→ **Stored items**:
== Segment start ==

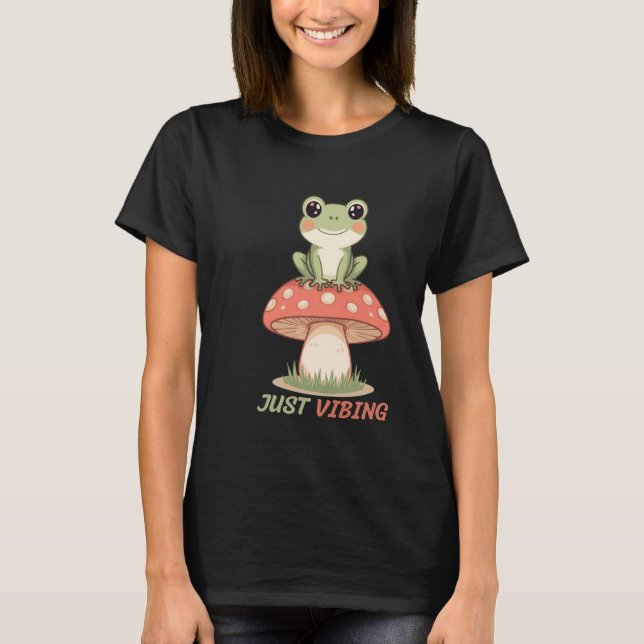 Camiseta Just Vibing Frog Mushroom T-Shirt (Frente)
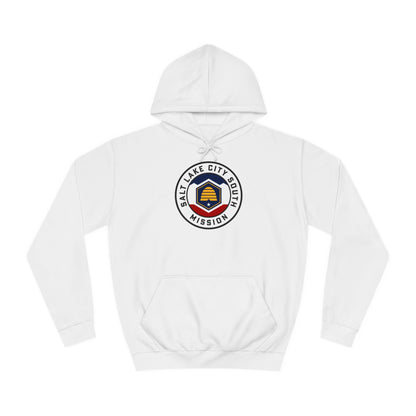 Utah Salt Lake City South Mission State Flag Logo (White Border) College Hoodie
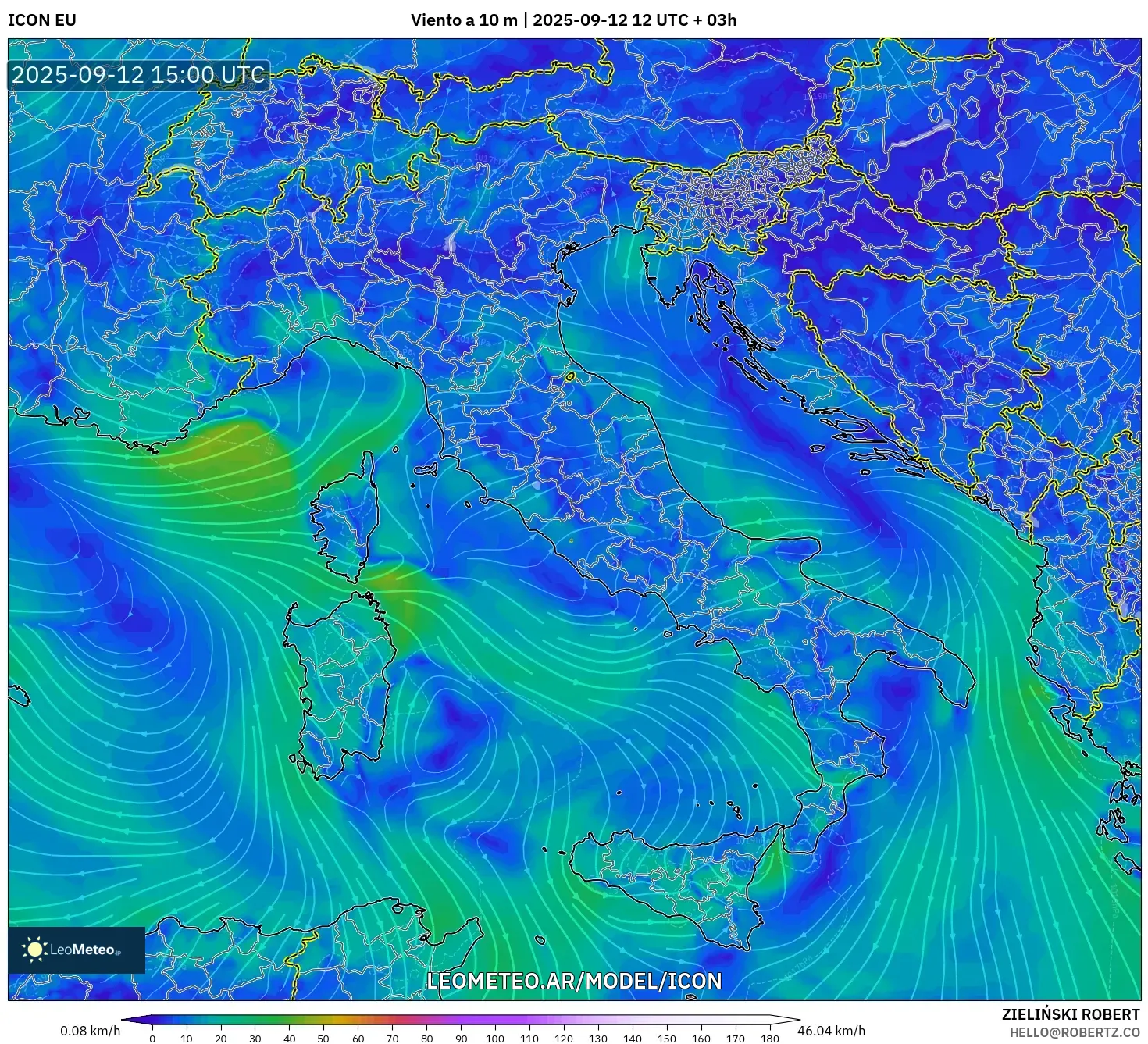 ICON model - Italia, Viento a 10 m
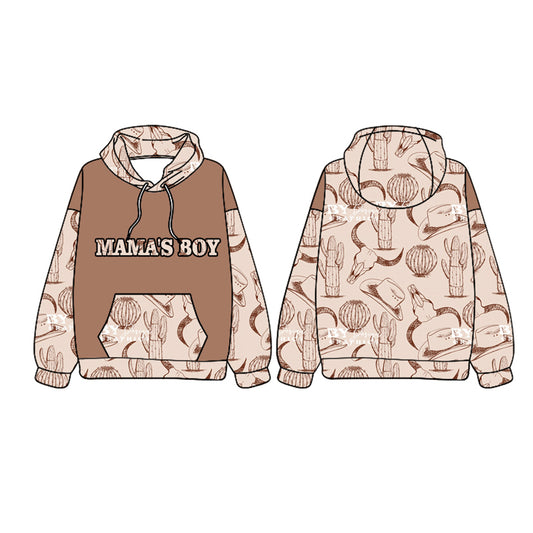 (Pre-order)BT1017 MAMA'S BOY Western Brown Print Boys Fall Hoodie Top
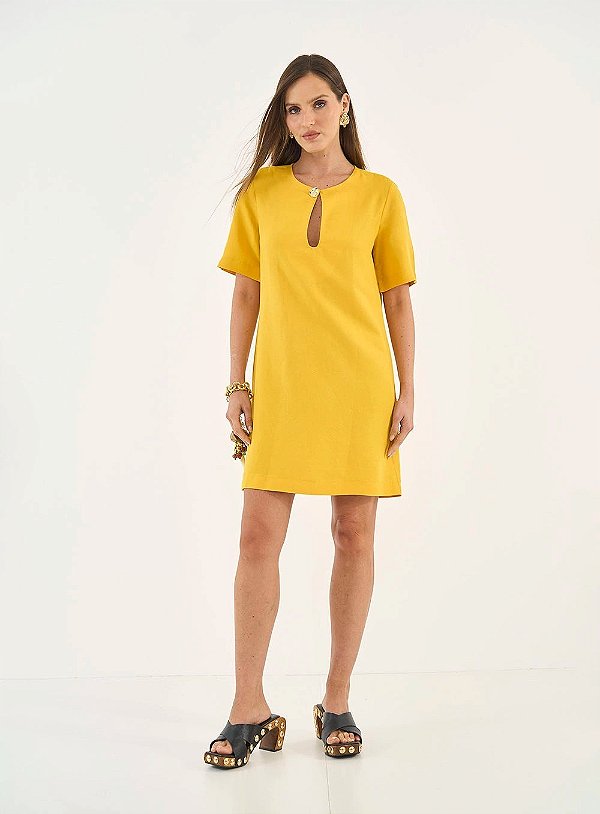 VESTIDO COLCCI COMFORT AMPLO COM LINHO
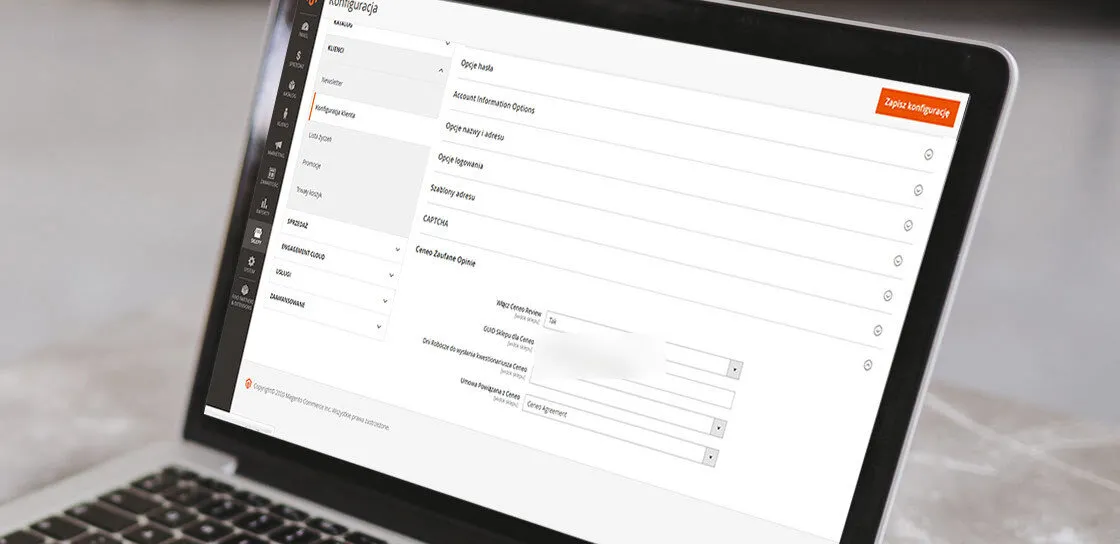Magento 2 configuration on a laptop screen, in the customers branch: under the sections for password options, account data, name and address, login, address templates and CAPTCHA sits an open “Ceneo Zaufane Opinie” section with a Ceneo Review switch set to yes, a Ceneo store GUID whose value has been masked, a working-days-before-the-Ceneo-questionnaire field set to 1, and a linked Ceneo agreement pointing at a consent named Ceneo Agreement.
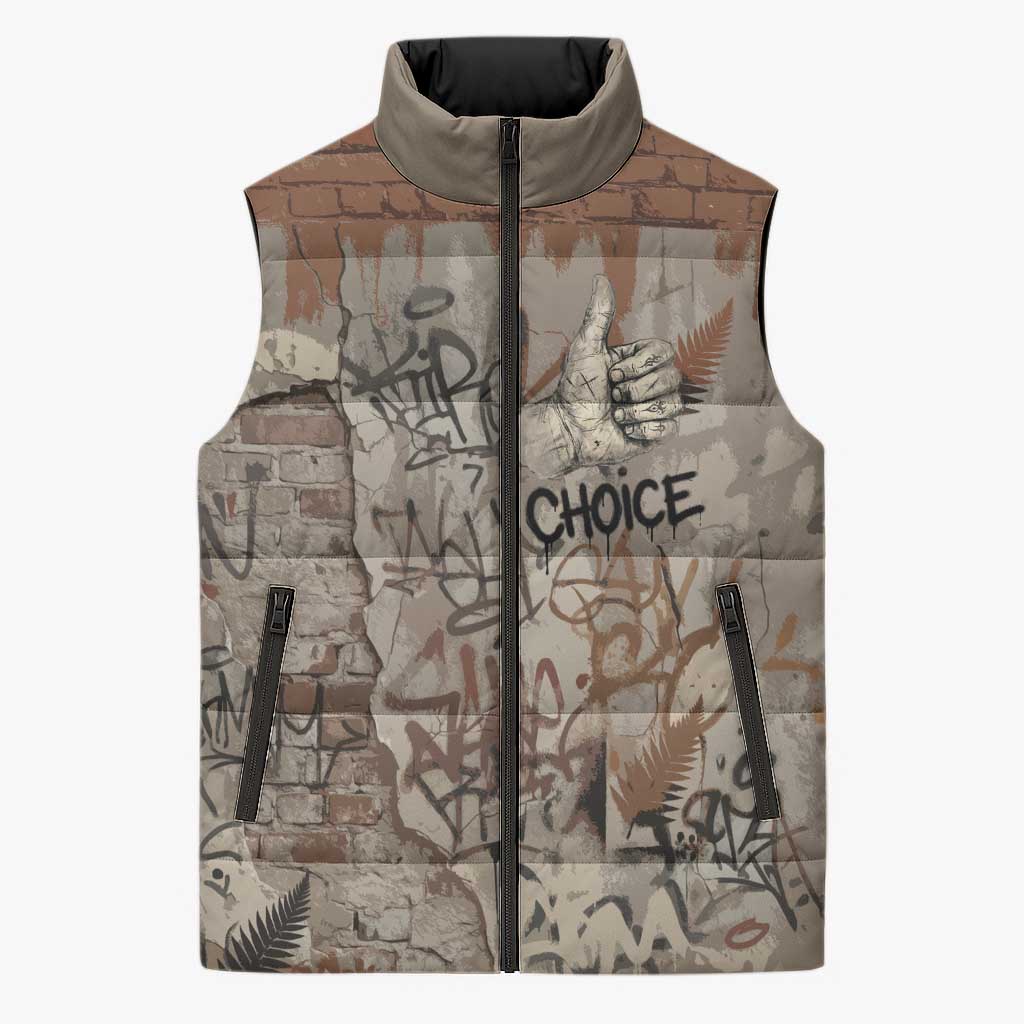 Choice Bro Graffiti Handshake Sleeveless Puffer Jacket New Zealand Slang Fern Brick Wall and Urban Street Art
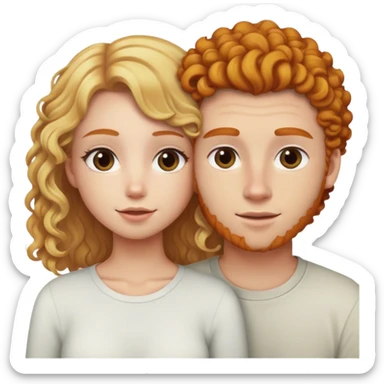 BLONDE GIRL WITH STRAIGHT HAIR and BOYFRIEND WITH GINGER CURLY HAIR  sticker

== Segment end ==

→ **What to do**:
Exclude all pictures and reproduce verbatim the lines running from the line that contains "ICON model - Italia, Viento a 10 m" to the end of the data above, both ends included.

→ **Problem solution**:
 ICON model - Italia, Viento a 10 m
 (Pre-order)BT1017 MAMA'S BOY Western Brown Print Boys Fall Hoodie Top
 VESTIDO COLCCI COMFORT AMPLO COM LINHO
Magento 2 configuration on a laptop screen, in the customers branch: under the sections for password options, account data, name and address, login, address templates and CAPTCHA sits an open “Ceneo Zaufane Opinie” section with a Ceneo Review switch set to yes, a Ceneo store GUID whose value has been masked, a working-days-before-the-Ceneo-questionnaire field set to 1, and a linked Ceneo agreement pointing at a consent named Ceneo Agreement.
 Choice Bro Graffiti Handshake Sleeveless Puffer Jacket New Zealand Slang Fern Brick Wall and Urban Street Art
 BLONDE GIRL WITH STRAIGHT HAIR and BOYFRIEND WITH GINGER CURLY HAIR  sticker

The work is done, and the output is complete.